This week’s infographic comes from Trans Student Educational Resources (TSER), a youth-led organization in Los Angeles dedicated to transforming the educational environment for trans and gender nonconforming students. They estimate that between 320,000 and 400,000 LGBTQ youth experience homelessness in the US each year and 40% of youth who are homeless in the US identify as LGBTQ. In New York, the average age at which a lesbian or gay youth becomes homeless is 14, while the age for transgender youth is 13.5 years old.
There is a connection between youth homelessness and family dynamics. 68% of LGBTQ youth who are homeless have experienced rejection from members of their family, and 54% say they have experienced family abuse. The exposure to rejection among LGBTQ youth is not limited to their families but also support services such as shelters, where 1 in 3 transgender people say they have been refused a bed.

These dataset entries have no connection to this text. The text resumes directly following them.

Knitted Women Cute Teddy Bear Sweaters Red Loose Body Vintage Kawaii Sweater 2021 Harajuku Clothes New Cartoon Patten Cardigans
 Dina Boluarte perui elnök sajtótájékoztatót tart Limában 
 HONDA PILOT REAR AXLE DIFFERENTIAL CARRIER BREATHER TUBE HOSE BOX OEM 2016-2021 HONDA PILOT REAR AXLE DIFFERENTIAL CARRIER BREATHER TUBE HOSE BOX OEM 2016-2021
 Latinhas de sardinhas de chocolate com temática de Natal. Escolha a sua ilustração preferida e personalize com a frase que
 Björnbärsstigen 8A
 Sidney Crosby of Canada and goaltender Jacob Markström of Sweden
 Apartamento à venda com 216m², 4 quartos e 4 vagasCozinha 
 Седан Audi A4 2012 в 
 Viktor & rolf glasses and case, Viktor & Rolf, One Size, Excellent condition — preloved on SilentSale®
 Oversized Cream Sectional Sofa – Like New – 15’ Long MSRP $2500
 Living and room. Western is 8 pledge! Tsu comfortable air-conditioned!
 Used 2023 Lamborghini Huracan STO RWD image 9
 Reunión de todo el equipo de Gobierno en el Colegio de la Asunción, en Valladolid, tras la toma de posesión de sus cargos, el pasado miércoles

There are not enough services available to help LGBTQ youth who are homeless. 15% of homeless shelters reported helping LGBTQ youth is “not central to their mission”. However, research has shown helping and housing LGBTQ youth would be far more cost effective than other alternatives. The infographic states that it would cost US taxpayers $54,000 per year to incarcerate a youth who is homeless, compared to a cost of $6,000 to permanently move the same youth off the streets and prevent them from becoming incarcerated.
In Canada, 25-40% of youth who are homeless identify as lesbian, gay, bisexual, transgender, transsexual, queer, questioning and 2-spirited (LGBTQ2S). There are currently minimal supports to meet specific needs of LGBTQ2S youth experiencing homelessness in Canada. However, there are ongoing efforts to change that. Canada’s first transitional housing program for LGBTQ2S youth opened in Toronto earlier this year and a queer-exclusive transitional home, run by Egale Canada Human Rights Trust, is expected to open in the fall of 2017.